### WHAT THIS TASK INVOLVES
Could you restate word for word the lines running from the one with "雪モダン片の松の黒い冬のクリスマスパーティー 招待状 (スタンド正面)" to the end of the data, both ends included, but without pictures?

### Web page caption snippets
☆ ☆ ☆ ☆ ☆ ☆ ☆

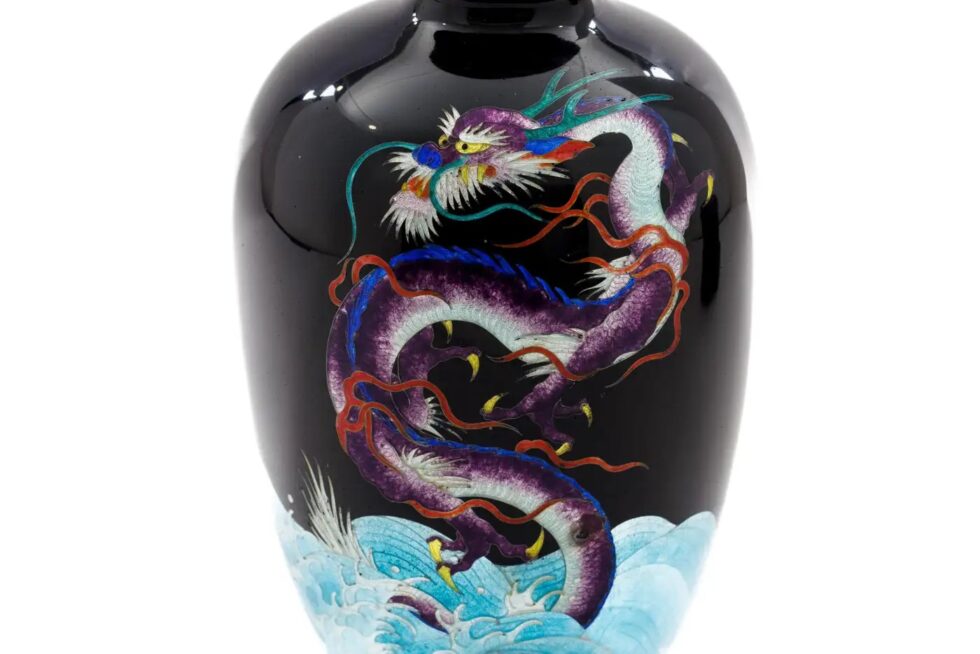 Meiji Japanese Cloisonné Enamel Ginbari Dragon Vase by Kumeno Teitaro - Image 4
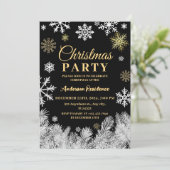 雪モダン片の松の黒い冬のクリスマスパーティー 招待状 (スタンド正面)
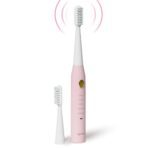 Lifelong Rechargeable Toothbrush For Adults – Smart Brush With 5 Cleaning Modes & Smart Auto Shut-Off – Waterproof Electronic Toothbrush – 2 Electric Heads, 500Mah Long-Lasting Battery (Pink, Lldc135)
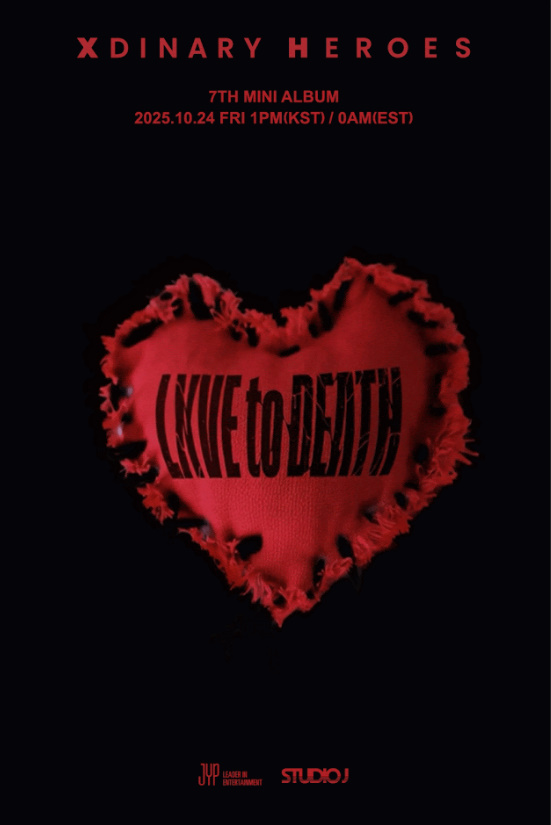 ▲ 엑스디너리 히어로즈의 새 미니 앨범 '러브 투 데스'(LXVE to DEATH)가 10월 24일 오후 1시 공개된다. 사진은 엑스디너리 히어로즈 컴백 예고 포스터. 제공|JYP엔터테인먼트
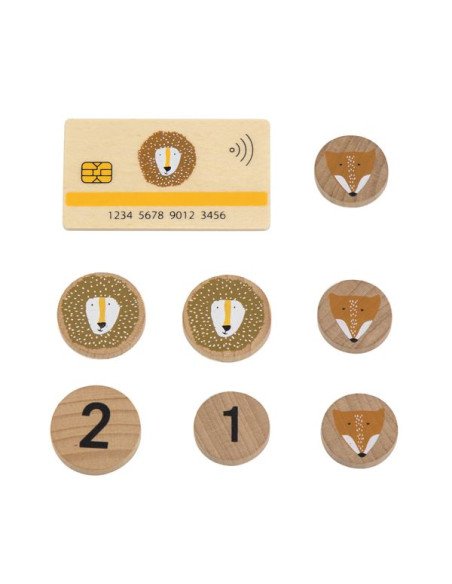 3. Close-up of wooden coins and card with animal designs for cash register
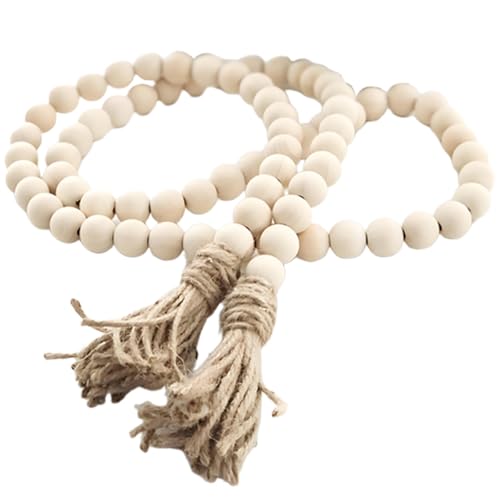 58-Inch Farmhouse Wood Bead Garland with Jute Tassels, Rustic Home Decor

☆ ☆ ☆ ☆ ☆ ☆ ☆

### ANSWER
 雪モダン片の松の黒い冬のクリスマスパーティー 招待状 (スタンド正面)
 Lifelong Rechargeable Toothbrush For Adults – Smart Brush With 5 Cleaning Modes & Smart Auto Shut-Off – Waterproof Electronic Toothbrush – 2 Electric Heads, 500Mah Long-Lasting Battery (Pink, Lldc135)
 ▲ 엑스디너리 히어로즈의 새 미니 앨범 '러브 투 데스'(LXVE to DEATH)가 10월 24일 오후 1시 공개된다. 사진은 엑스디너리 히어로즈 컴백 예고 포스터. 제공|JYP엔터테인먼트
 3. Close-up of wooden coins and card with animal designs for cash register
 58-Inch Farmhouse Wood Bead Garland with Jute Tassels, Rustic Home Decor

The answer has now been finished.